O objetivo principal da aula era contribuir através de conteúdo histórico por
meio de uma aula expositiva para a quantidade ínfima de personagens femininas
tratadas em sala de aula ao longo da vida escolar de alunos e alunas que seguem o
currículo mínimo no Rio de Janeiro e, por isso, ela [a aula] tinha início com a seguinte
pergunta: “sobre quantas personagens mulheres vocês já aprenderam em sala de aula ou
nos livros didáticos?”. Ao responder tal pergunta, os alunos e alunas citaram as
personagens Isabel do Brasil, Joana D’Arc, a escrava Anastácia e a presidenta Dilma
Rousseff. A partir da pergunta, mencionei que gostaria de colaborar pra essa “conta”
com três personagens, sendo uma delas já conhecida e mencionada por eles, mas de
fundamental importância, portanto resgatada ao longo da aula: Maria Quitéria, Maria
Felipa de Oliveira, Luísa Mahin e Isabel do Brasil.

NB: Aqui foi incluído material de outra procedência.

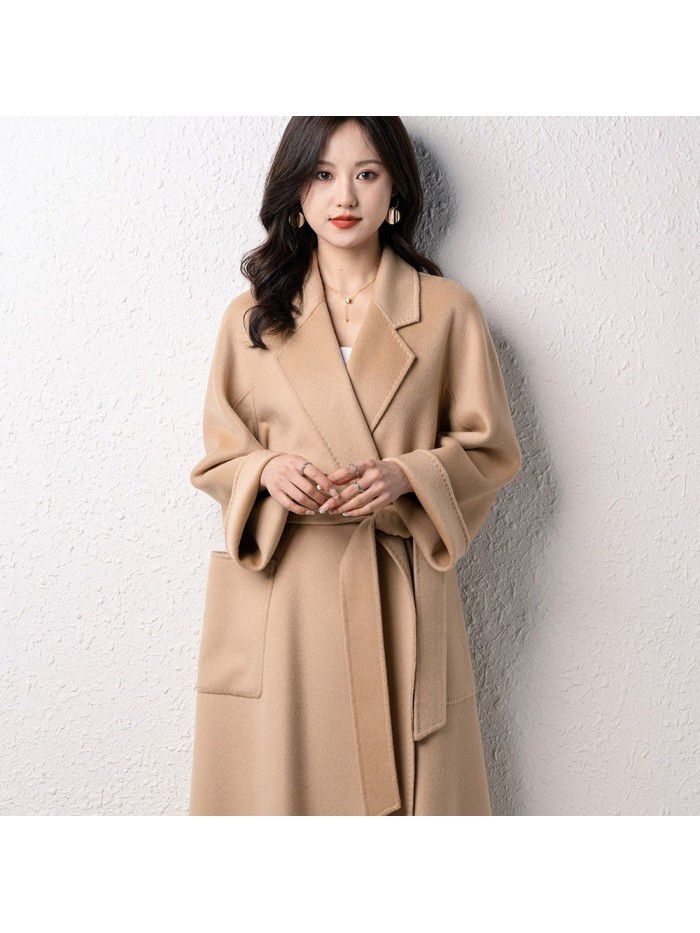 Double sided cashmere coat, handmade coat, suit collar, textured woolen coat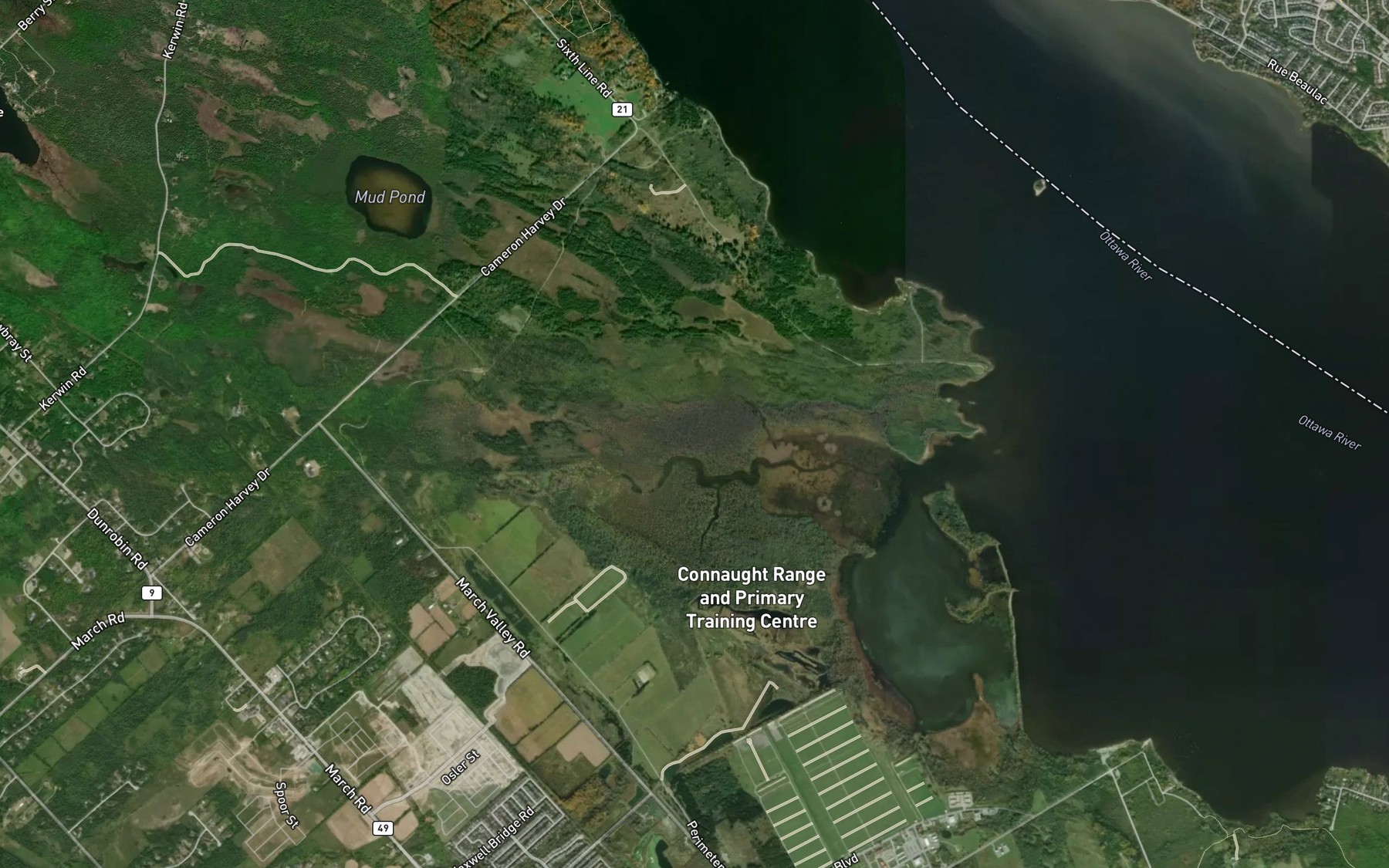 Satellite map of the Shirleys Brook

Era essencial para o bom andamento da oficina oferecer aos alunos e alunas
ferramentas para ver a História do Brasil – e a história, em seu sentido mais amplo –
com novos olhos. A aula foi centrada em figuras femininas de destaque na formação do
Brasil durante a época do Império que são tratadas de forma secundária ou
invisibilizadas pelo ensino de história, e a problemática essencial que desejávamos ser
alcançada e partilhada pelos alunos era referente à percepção de que as vivências
femininas durante o período imperial eram muitas e diversas; e a não-retratação dessas
vivências por parte dos livros de história é fruto de um ensino de história e de uma
discussão historiográfica profundamente seletivos. O caráter seletivo da história era uma
das reflexões-chave a serem alcançadas a partir da oficina.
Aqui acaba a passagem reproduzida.